We note that several of our recommendations go beyond MARS. Recommendations such as the more widespread use of prospective meta-analytic reviews in the organizational sciences, a detailed description of the treatment of non-published samples, the provision of supplemental materials on journal websites, the development of research registries, the estimation and reporting of the REVC and prediction intervals, and the requiring of comprehensive sensitivity analyses with appropriate methods are not necessarily part of MARS. However, these and other practices are used in other scientific disciplines and, if adopted, would improve the accuracy, transparency, and replicability of our meta-analytic reviews.
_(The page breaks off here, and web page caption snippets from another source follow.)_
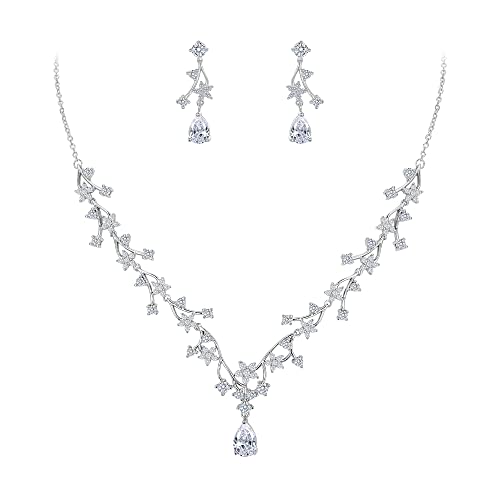 EVER FAITH Schmuck Set Wunderschönes Hochzeitsfür die Braut weiße Tropfen runde Zirconia Blumen Cluster Reben Halsketten und Ohrringe Klar Silber-Ton von EVER FAITH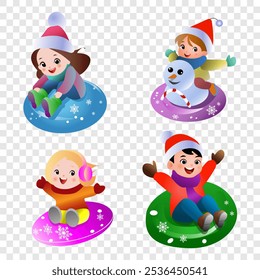 Children riding on a snow slide vector set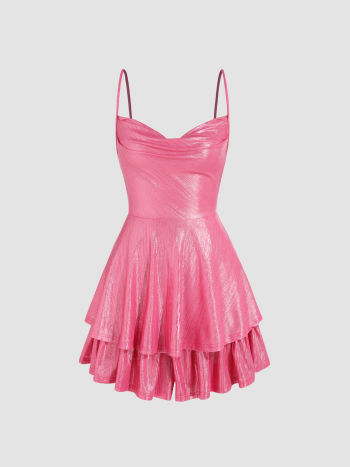 Cowl Neck Metallic Ruffle Romper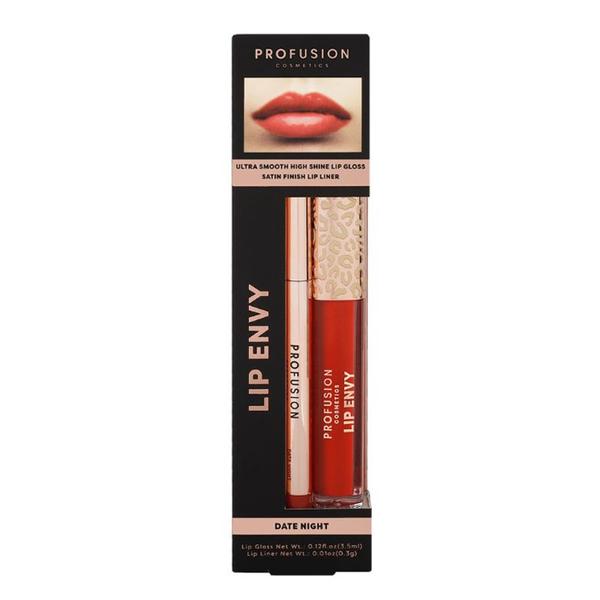 Set Luciu de Buze Ultra Neted si Lucios &amp; Creion pentru Buze cu Finish Satinat - Profusion Cosmetics Lip Envy Date Night, 1 pachet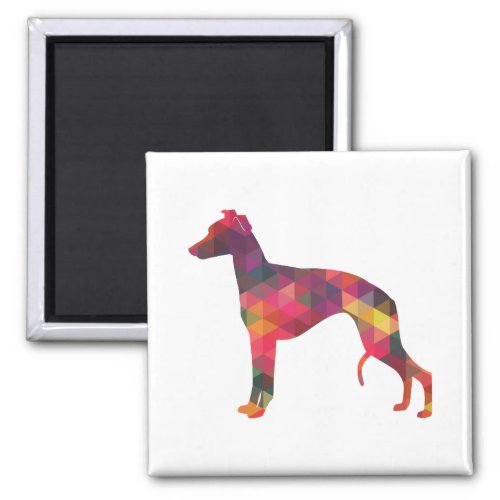 Whippet Dog Geometric Pattern Silhouette Multi Magnet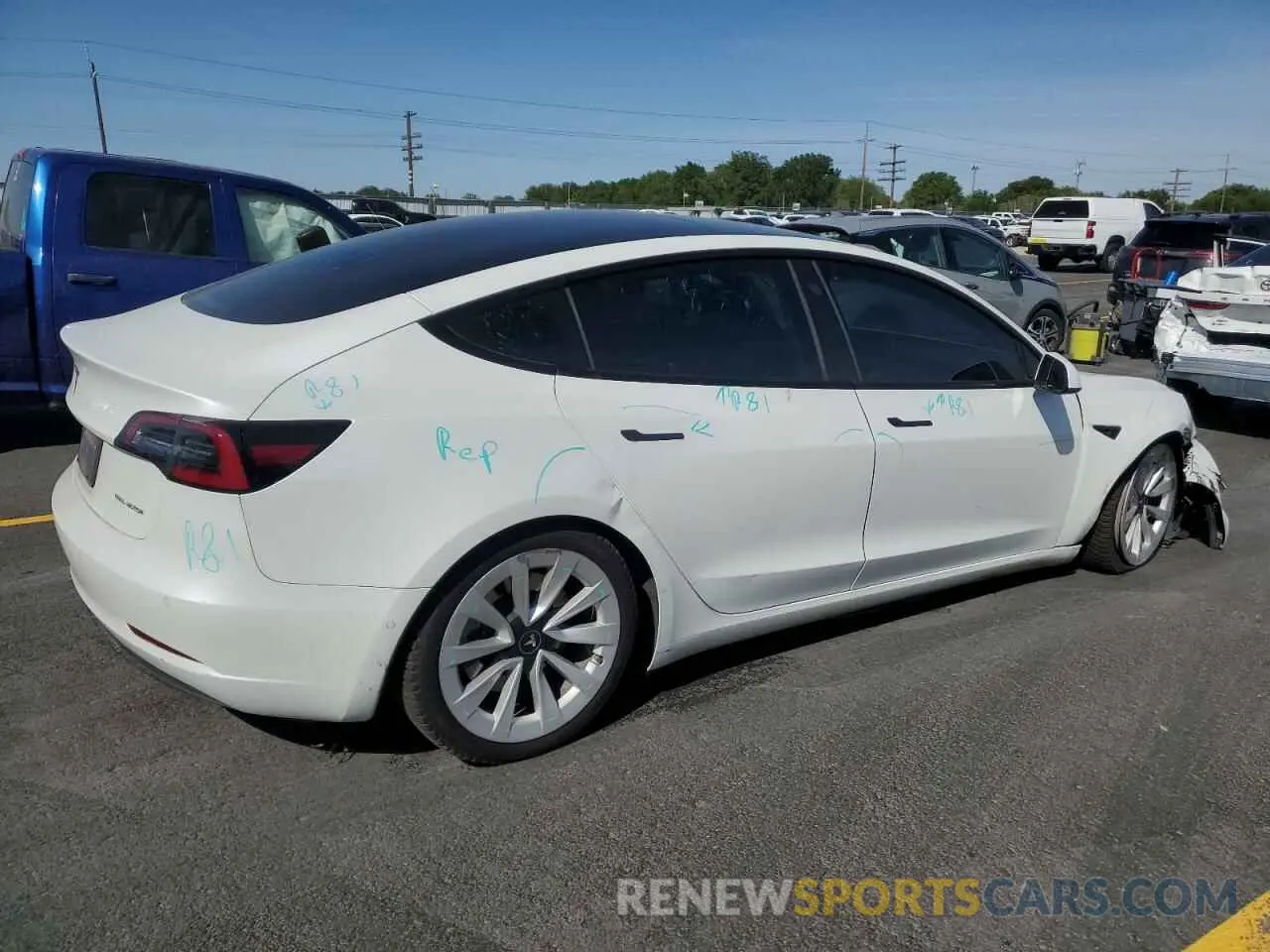 3 Фотография поврежденного автомобиля 5YJ3E1EB0MF050922 TESLA MODEL 3 2021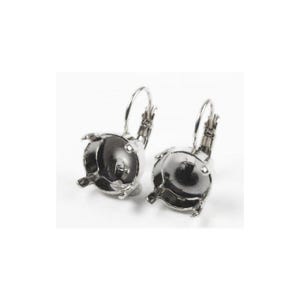 May include: A pair of silver-toned earrings with a round, dark gray center and a lever-back closure. The earrings have a detailed, textured design and are set against a white background. These earrings are suitable for everyday wear or special occasions.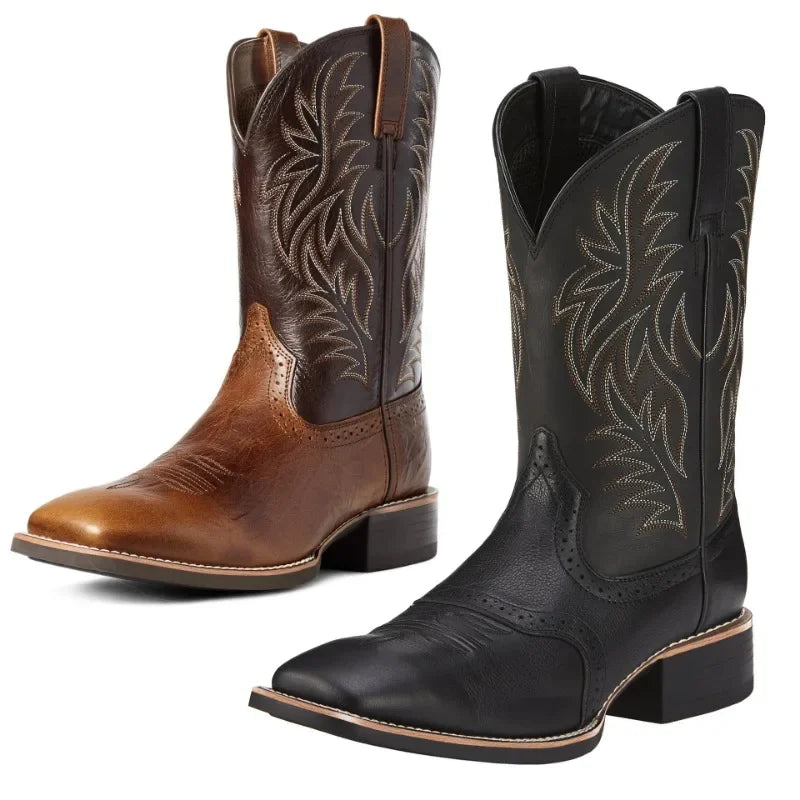 Men's High Roller Cowboy Boots Square Toe Pull Ons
Table 1 also includes references to systematic reviews that provide examples for the implementation of our recommendations. The individual papers are intended as models only for the particular aspects of the review noted in the table. Just as with primary research, meta-analytic reviews may be outstanding in some places and deficient in others. We also note that not all examples provided in Table 1 fully conform to the specific recommendation for which they appear. Still, the examples provided in Table 1 come at least close to having implemented the particular recommendation for which they are referenced. Overall, the adoption of the recommended practices should provide a firmer foundation of cumulative knowledge upon which to build better theory and practice. The topics covered in this paper are those we consider to be of utmost immediate benefit to organizational researchers. However, we note that MARS and other guidelines for meta-analytic reviews (e.g., Borenstein et al. 2009; Cooper 1998; Cooper et al. 2009; Egger et al. 2001a; Higgins and Green 2009; Hunter and Schmidt 2004) include a variety of recommendations beyond the scope of this paper. Meta-analysts as well as editors and reviewers of meta-analytic reviews should consult these and other sources as well when writing or evaluating a meta-analytic review.

Best practice in meta-analysis and the systematic review continues to evolve. We described and integrated several practices, ideas, concepts, and techniques across scientific areas and statistical approaches to help organizational researchers keep abreast of current developments. We integrated two main approaches to systematic and meta-analytic reviews in order to improve the quality of such reviews as a whole. Better meta-analytic reviews will result in better inferences, and ultimately may provide the best opportunity to close the often lamented gap between research and practice (Le et al. 2007).